VI.   NEWLY HIRED, TRANSFERRED, PROMOTED AND TERMINATED PARTICIPANTS
 
    If a Participant is transferred or promoted or becomes totally disabled in accordance with the Company’s long-term disability plan before the last day of the calendar year, the Participant will be eligible to receive payment under the Plan only if: (i) the Participant is employed on the last day of the calendar year; (ii) the Participant remains employed through the payment date; and (iii) the stated threshold goals have been achieved by the last day of the calendar year, as such goals may be revised for the individual based upon a change in position. Payments will be prorated based upon the tenure of the Participant in the eligible position. Newly hired eligible Plan Participants may receive a prorated incentive payout based on their tenure during the Plan year or a predetermined payout amount agreed upon as part of their initial employment terms.

3


 

    If the Participant’s employment is terminated before the payment date for any reason other than retirement, the Participant will not be eligible for any payment under the Plan regardless of employment status on the last day of the calendar year.
 
    If the Participant retires (as retirement is defined under the FirstMerit benefit plan providing for the earliest possible retirement) effective before the end of the calendar year, the Participant will not be entitled to payment under the Plan. If the Participant retires effective at any time after the end of the calendar year, but before the payment date, the retiring Participant will be entitled to payment in accordance with the terms of the Plan.
 
    If a Participant dies before the end of the calendar year, neither the Participant nor their estate will be eligible to receive any payment under the Plan. If a Participant dies after the end of the calendar year, but before the payment date, the Participant, through their estate, will be eligible to receive payment of an award amount under the Plan.
 
    FirstMerit reserves the right to withhold or decrease payments to any Participant under the Plan based on a Participant’s violation of any of FirstMerit’s policies and procedures or failure to achieve at minimum “Meets Standards” on the annual performance evaluation, as approved by the Compensation Committee.
 
VII.   OTHER EMPLOYEE BENEFITS
 
    Benefits to Participants under other benefit plans will not be affected by payments under this Plan to the extent benefits under the other plans are based upon base salary, but will be affected by payments under this Plan to the extent benefits under the other plans are based upon Form W-2 earnings.

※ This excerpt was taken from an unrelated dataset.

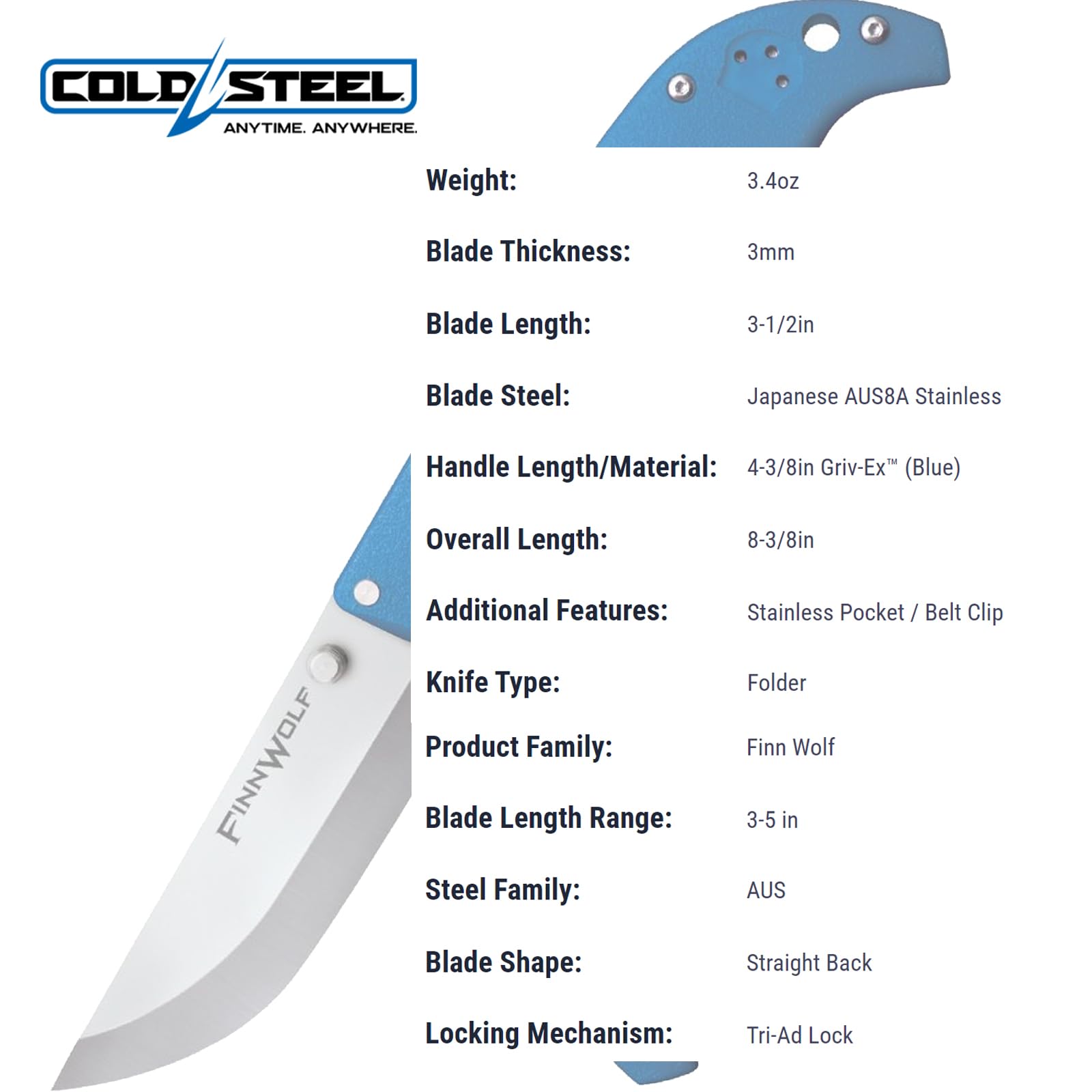 Cold Steel 3.5in Finn Wolf AUS8A Razor-Sharp Straight Back Blade 4.375in Griv-Ex Blue Handle Hunting Folding Knife, Boxed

FirstMerit retains the right to amend, cancel or change any other benefit plans.
 
VIII.   AMENDMENT AND ADMINISTRATION OF THE PLAN
 
    The Plan may be terminated or amended by the recommendation of the Compensation Committee, subject to the approval of the Board of Directors. Any question of interpretation of the Plan will be determined by the Compensation Committee and its determinations or final, binding and non-appealable. The Executive Vice President of Human Resources and the Manager of Compensation are responsible for administering the Plan in accordance with the terms of the Plan and the goals and payments determined annually by the recommendation of the Compensation Committee and approval of the Board of Directors.